Cubed has a lazy computation model. As array functions are invoked, a computation plan is built up, and it is only executed when explicitly triggered with a call to compute, or when implicitly triggered by converting an array to an in-memory (NumPy) or on-disk (Zarr) representation.

A Plan object is a directed acyclic graph (DAG), where the nodes are arrays and the edges express primitive operations. For example, one array may be rechunked to another using a rechunk operation. Or a pair of arrays may be added together using a blockwise operation.


The primitive operations, blockwise and rechunk both have memory requirements that are known ahead of time. Each operation runs a task to compute each chunk of the output.
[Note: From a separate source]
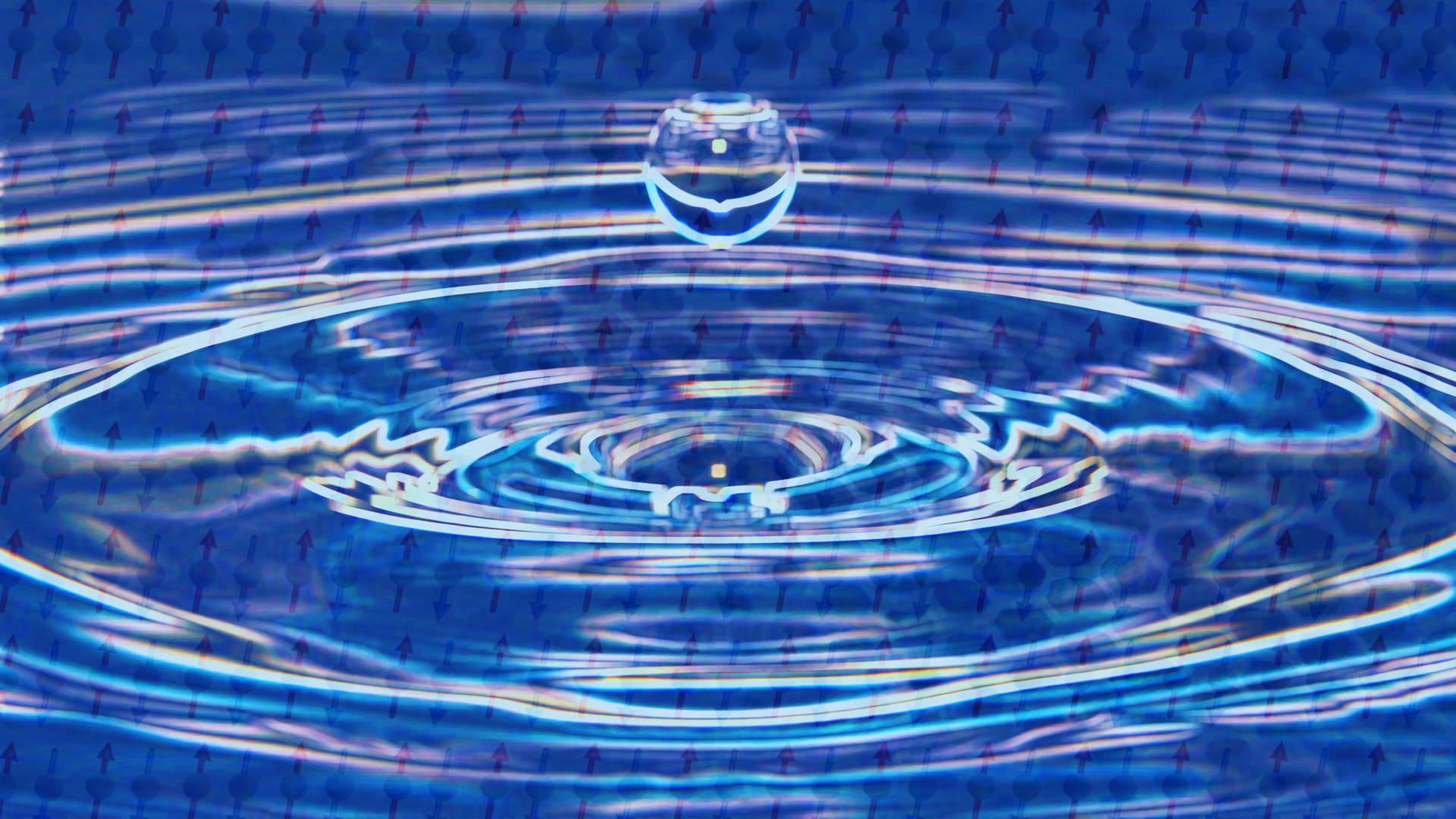 droplet suspended above ripples with electron diagram superimposed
The memory needed for each task is a function of chunk size, dtype, and the nature of the operation, which can be computed while building the plan.

See Memory for discussion of memory settings.
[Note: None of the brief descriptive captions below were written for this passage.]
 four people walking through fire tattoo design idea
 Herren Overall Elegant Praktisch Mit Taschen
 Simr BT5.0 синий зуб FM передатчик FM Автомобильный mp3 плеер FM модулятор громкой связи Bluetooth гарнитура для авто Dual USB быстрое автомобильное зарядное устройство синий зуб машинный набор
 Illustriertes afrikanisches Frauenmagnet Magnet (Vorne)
A plan is executed by traversing the DAG and materializing arrays by writing them to Zarr storage. Details of how a plan is executed depends on the runtime. Distributed runtimes, for example, may choose to materialize arrays that don’t depend on one another in parallel for efficiency.
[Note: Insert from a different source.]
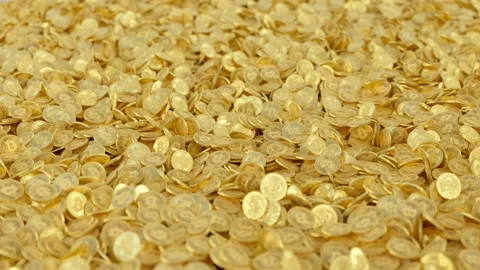 Bitcoin lying on a pile of Bitcoins Stock Footage 163309463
This processing model has advantages and disadvantages. One advantage is that since there is no shuffle involved, it is a straightforward model that can scale up with very high-levels of parallelism - for example in a serverless environment. This also makes it straightforward to make it run on multiple execution engines.

The main disadvantage of this model is that every intermediate array is written to storage, which can be slow. However, there are opportunities to optimize the DAG before running it (such as map fusion).